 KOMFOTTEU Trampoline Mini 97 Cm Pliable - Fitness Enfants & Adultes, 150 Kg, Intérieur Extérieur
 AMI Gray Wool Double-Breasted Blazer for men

++++++++++++++++++++

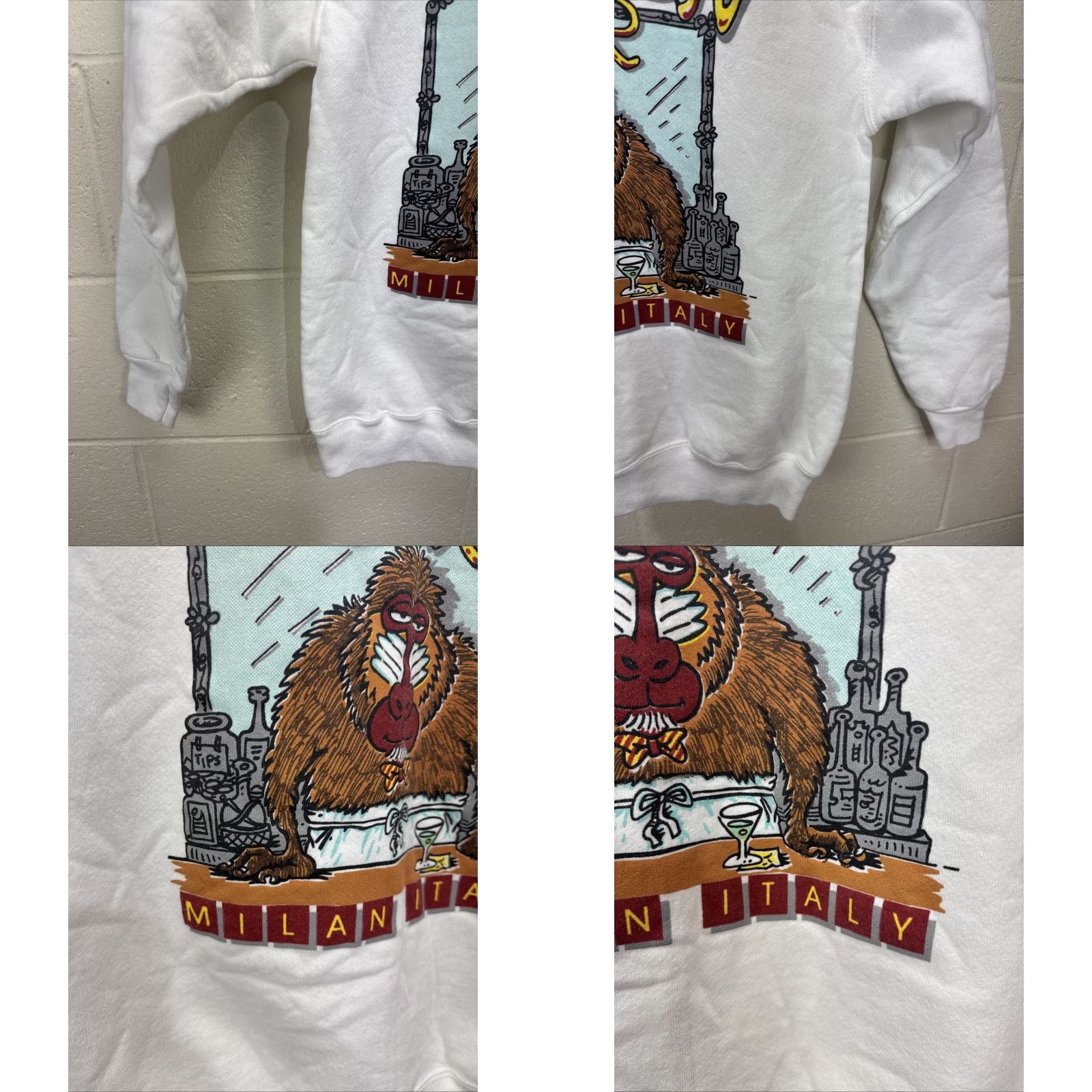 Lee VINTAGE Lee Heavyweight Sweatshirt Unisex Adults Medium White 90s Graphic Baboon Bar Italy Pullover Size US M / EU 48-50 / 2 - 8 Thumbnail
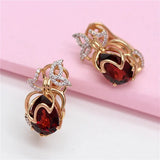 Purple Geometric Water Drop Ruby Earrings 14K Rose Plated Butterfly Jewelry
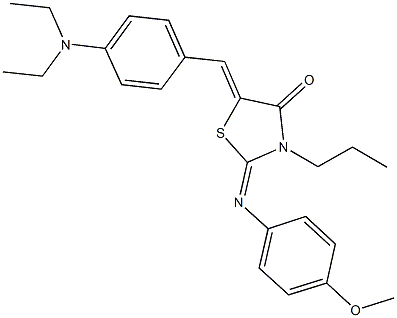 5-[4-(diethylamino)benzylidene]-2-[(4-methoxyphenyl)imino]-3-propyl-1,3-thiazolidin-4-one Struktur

++++++++++++++++++++

> **WHAT THE EXERCISE ASKS**: From the entries above, extract only the lines running from the one containing "KOMFOTTEU Trampoline Mini" through the one containing "AMI Gray Wool Double-Breasted Blazer for men", inclusive.

> **ANSWER TO THE PROBLEM**:
 KOMFOTTEU Trampoline Mini 97 Cm Pliable - Fitness Enfants & Adultes, 150 Kg, Intérieur Extérieur
 AMI Gray Wool Double-Breasted Blazer for men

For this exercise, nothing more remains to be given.